Setelah menunggu selama 5 jam, kita kemudian memasuki lagi pesawat yang menuju Taipei. Rasa kantuk pun hilang, karena dalam benakku ingin segera sampai di taiwan. Taiwan, negeri harapanku. Guncangan pesawat saat take off, kurasakan seolah guncangan ayunan bambu di kampungku. Bukan takut, namun kenikmatan yang mengisi relung hatiku.

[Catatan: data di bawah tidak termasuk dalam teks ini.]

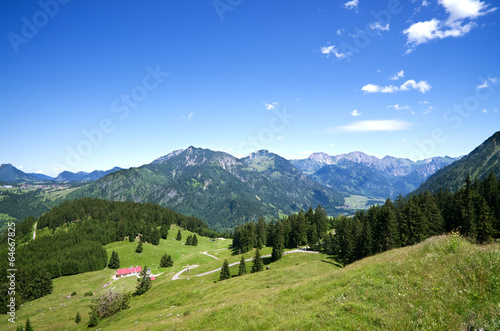 Tableau sur toile alpine meadow allgau germany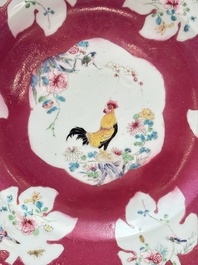 A Chinese famille rose ruby-ground 'rooster' dish, Yongzheng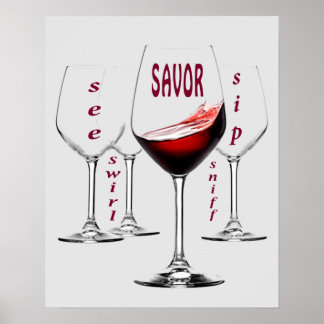 Poster Dégustation de vin Cinq S
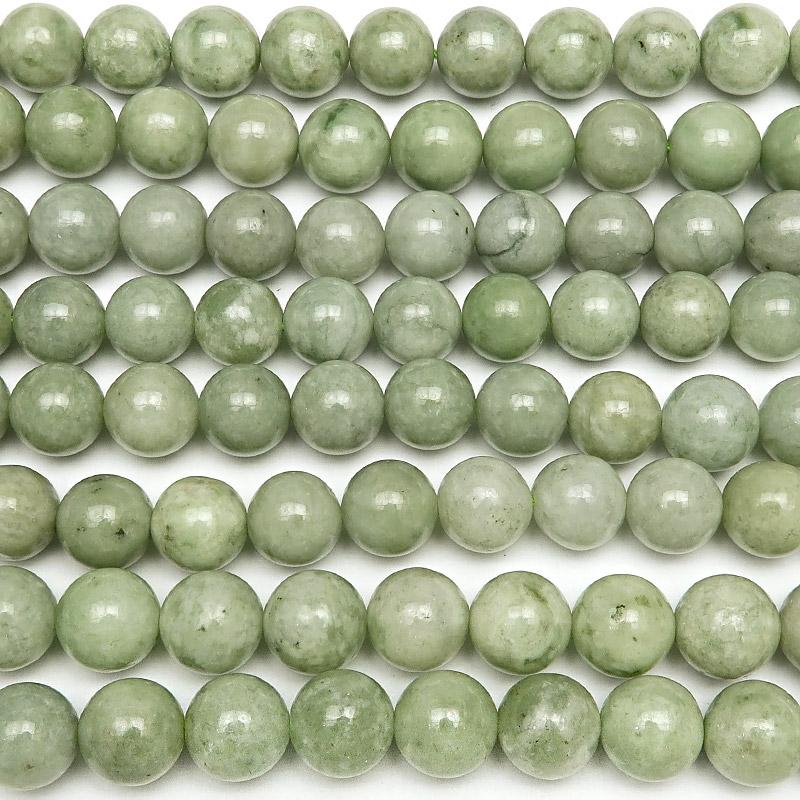 ビルマ産 翡翠 ジェダイト 丸玉 10mm【1連販売】 / 4-20 HI10M-X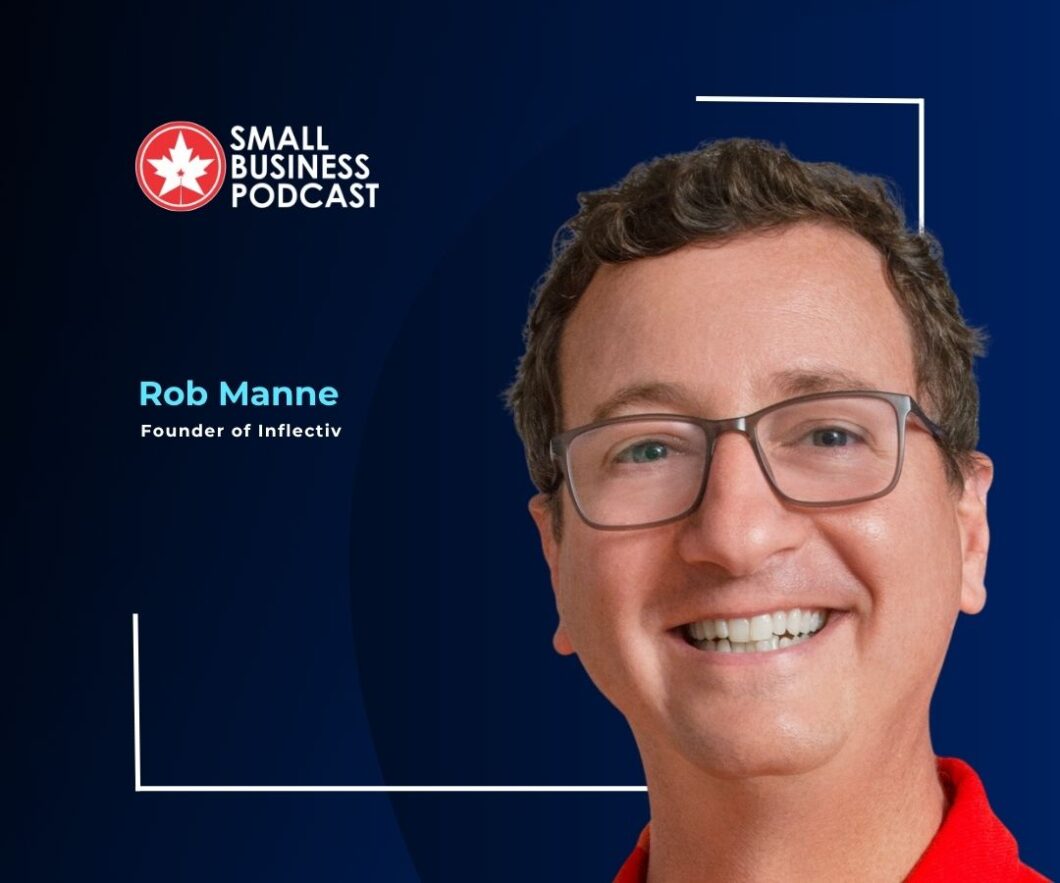 Rob Manne, founder of Inflectiv, smiles on a dark blue podcast banner with the Small Business Podcast logo in the top left.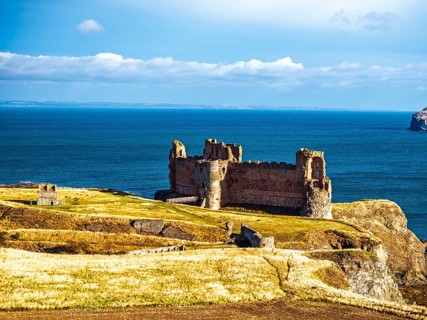 Ruins of Tantallon Castle from a drone, North Berwick, East Lothian, Scotland, UK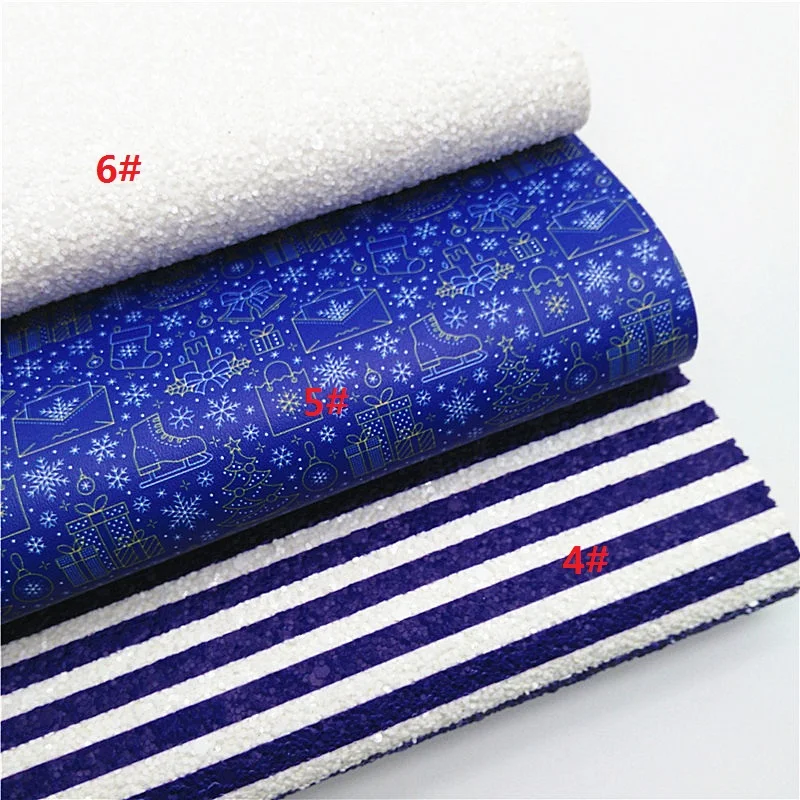 Set in ecopelle blu strisce personalizzate in pelle glitterata pupazzi di neve regalo di natale in ecopelle stampata per fiocchi fai da te Craft W282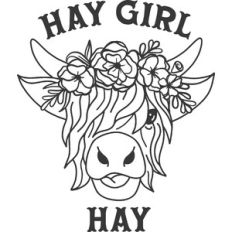 Hay Girl Hay Highland Cow with Flowers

Tak terasa perjalanan 5 jam dalam pesawat seolah hanya sekejap. Tibalah diriku di bandara Taoyuan Taipei. Kulihat punggung lelaki tua laoshi An-Hua yang memimpin perjalanan ini, aku tak berucap sedikitpun. Kusandarkan hidupku padanya. Sejenak beliau mengajak rehat dibawah tulisan selamat datang di Taiwan.Kami berfoto ria dengan penuh kegembiraan. Sampailah kami di depan counter imigrasi, petugas menyapa kami dengan ramah. Setelah melihat paspor kami, beliau berujar,"Ah, resident visa!", Welcome-welcome.
Di luar bis sudah menunggu, membawa kami ke Tainan. Perjalanan ditempuh selama 5 jam. Menyenangkan melihat pemandangan selama perjalanan menuju Tainan. Gunung, sawah, kebun, bangunan pabrik, kampung rumah penduduk, juga sekolah yang kami lihat sepanjang perjalanan. Sesekali kami melihat orang Taiwan di jalanan. Inilah kali pertama aku berinteraksi dengan orang asing.
Sesampai di Tainan hampir menjelang magrib. Kami sudah ditunggu tutor pendamping yang bisa berbahasa Indonesia. Mereka mengarahkan kami ke asrama yang telah disediakan. Kubongkar barang bawaanku. Kususun dengan rapi baju dan barang pribadiku. Tak lupa ku taruh di meja, foto almarhum ayahku. Ku tatap dengan lekat fotonya almarhum. "Ayah, aku berjanji, ku gapai mimpi disini! Kan ku rubah nasib keluarga kita!". Tak terasa tetesan butir air mata hangat membasahi pipi. Tangisan bahagia, telah sampai di negeri impian.